Thursday, July 16, 2009

Stuff

July 16

Stuff. Beautiful, glorious stuff. Two big wooden crates filled with our stuff arrived last week. Wenonoa and I are both known to favor minimalism when it comes to household stuff so you may be surprised over my excitement but consider…

For the last two months I have lived an existence that can be accurately described as Spartan. In the three bedroom house we are renting, the sole furnishings were a kitchen table and chairs; a pot, pan, a couple of plastic bowls and plates and assorted plastic cutlery; a yoga mat and exercise ball; and a mattress. I’m sure that there are monks who have more.

For the most part, I was ok with the setup. Except for the bed! It was a loaner until mine arrived. To call it a bed is being generous. Picture a set of springs wrapped inside a mattress casing – that is what I slept on. I’m not sure what happened to the foam or whatever material is generally used to fill a mattress these days but I’m pretty sure that if I cut open the mattress, I wouldn’t find any. If you think I’m exaggerating then consider this one fact: After Wenonoa spent her first night here, when she got up in the morning I noticed a series of indentations running up her back where the springs pressed into her flesh.

The worst part about the bed was that I could have had a nice (or at least decent) one. The standard contract used by the FSM government when hiring ex-pats requires the government to supply a bed and a kitchen table. I could have gone down to Ace Hardware (yes, Ace Hardware) or one of the few other stores that sells mattresses and walked out with a brand new mattress. Given that even a basic twin mattress retails for over $400 here and I generally hate to see money wasted, no matter whose it is, I didn’t.

I thought, “How bad could it be? My bed from home will arrive in a month or so.” So I took the loner and I found out just how bad it could be. For over 60 nights I tried to shrink my body into the narrowest of spaces between the columns of springs. It never worked and I don’t think I got one good night’s sleep in the two month period.

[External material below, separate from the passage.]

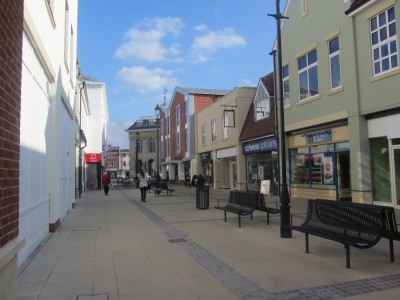 Abbey Shopping Centre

So yes – stuff, glorious stuff! Each time I walk into the bedroom and see our bed lying there, soft but firm with no springs poking up at me, waves of relief and appreciation wash over me.

Second in the list of possessions I truly cherish having is our television set. It’s nothing fancy. It’s a modest 27” or 32” and it’s not a flat screen. Having watched movies on a laptop at the kitchen table for two months, watching a movie on a 27” television screen while sitting in a good old Lazy Boy recliner is now as exciting as the first time I heard surround sound or sat in a theater with stadium seating.

As Huck Finn might have said, “I feel a might bit civilized.”